To maximize the production of x-rays, the W71 is reported to have used a gold tamper, rather than the usual depleted uranium or lead. The lining normally serves the primary purpose of capturing x-ray energy within the bomb casing while the primary is exploding and triggering the secondary. For this purpose, almost any high-Z metal will work, and depleted uranium is often used because the neutrons released by the secondary will cause fission in this material and add a significant amount of energy to the total explosive release. In this case the increase in blast energy would have no effect as there is little or no atmosphere to carry that energy, so this reaction is of little value. The use of gold may have been to tailor its transparency to x-rays. In Congressional testimony on potential dismantling of the W71, a DOE official described the warhead as "a gold mine".

In 2008, the United States Department of Energy declassified the fact that the radiation case of the W71 contained thorium metal.

==Lethality==
Under good conditions, the W71 warhead had a lethal exo-atmospheric radius as much as 30 miles, although it was later stated to be 12 miles against "soft" targets, and as little as 4 mi against hardened warheads.

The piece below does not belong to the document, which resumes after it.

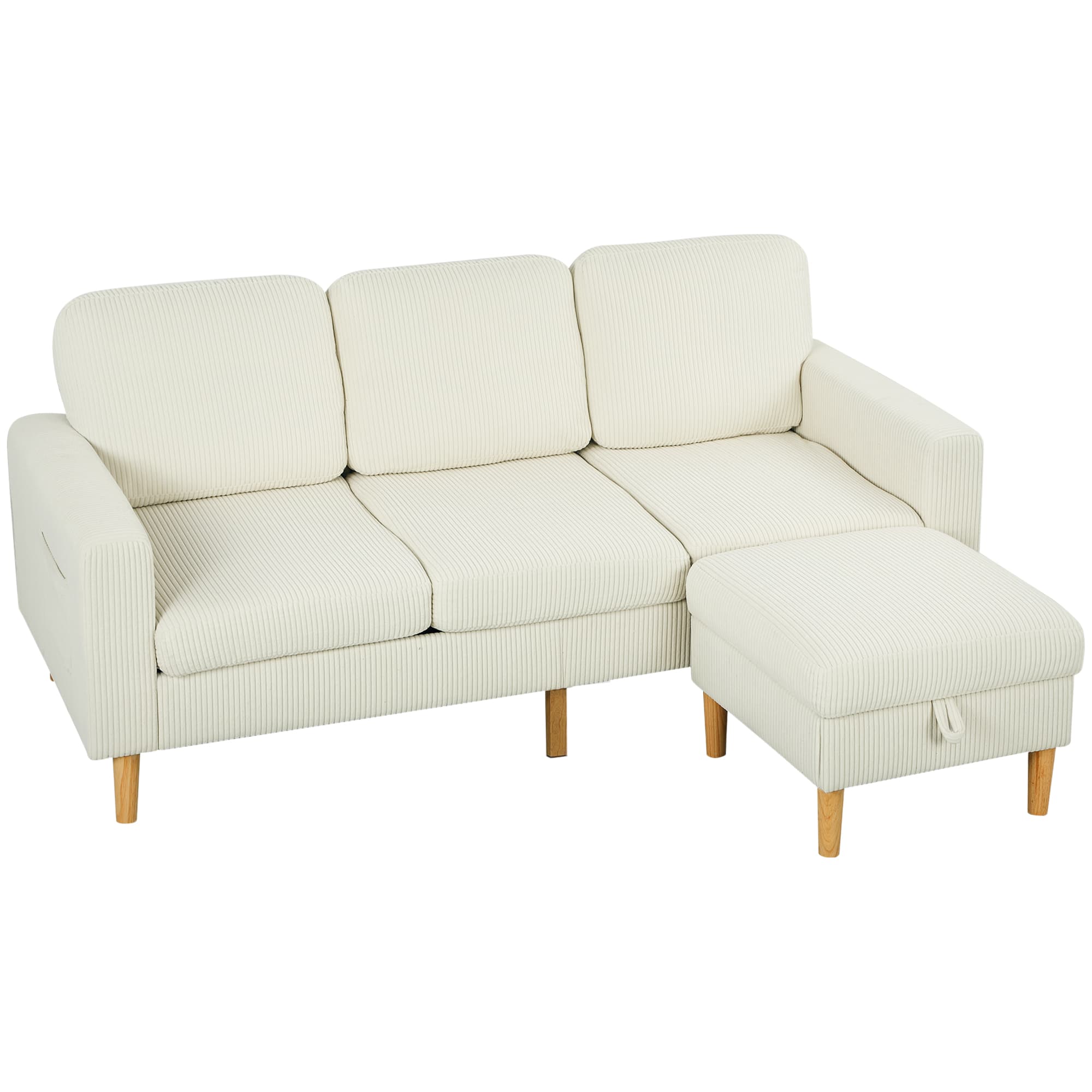 HOMCOM Canapé 3 places avec repose-pieds, canapé en velours côtelé, assise et dossier rembourrés, 192x138x85cm, beige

==Production & service history==
There were 30 to 39 units produced between 1974 and 1975. The weapons went into service in 1975, but were retired that same year, and the warheads stored until 1992 when they were dismantled. The short service life of the W71, Spartan and Safeguard Program in general, is believed to have been partly tied to it largely becoming obsolete with the development of Soviet offensive MIRV (Multiple independent re-entry vehicles) warheads, that unlike MRVs (multiple re-entry vehicles), can create a substantial spacing distance between each warhead once they arrive in space, hence would require at least approximately one Spartan missile launch to intercept each MIRV warhead. As the cost of the Spartan and an enemy ICBM were roughly the same, an adversary could afford to overwhelm the ABM system by adding ICBMs with MIRV warheads to its nuclear arsenal.

==Shot Grommet Cannikin==

Prior to the W71 test, a calibration test known as Milrow of Operation Mandrel was conducted in 1969. Despite political and pressure group opposition to both tests, and in particular the full yield W71, coming from then US Senator Mike Gravel and the nascent Greenpeace, a Supreme Court decision led to the test shot getting the go-ahead, and a W71 prototype was successfully tested on 6 November 1971 in Project Cannikin of Operation Grommet in the world's largest underground nuclear test, on Amchitka Island in the Aleutian Islands off Alaska. The second highest-yield underground test known occurred in 1973, when the USSR tested a 4 Mt device 392

The W71 was lowered 6150 ft down a 90 in borehole into a man-made cavern 52 ft in diameter. A 264 ft instrumentation system monitored the detonation. The full yield test was conducted at 11:00 am local time November 6, 1971 and resulted in a vertical ground motion of more than 15 ft at a distance of 2000 ft from the borehole, equivalent to an earthquake of magnitude 7.0 on the Richter scale. A 1 mi and 40 ft crater formed two days later.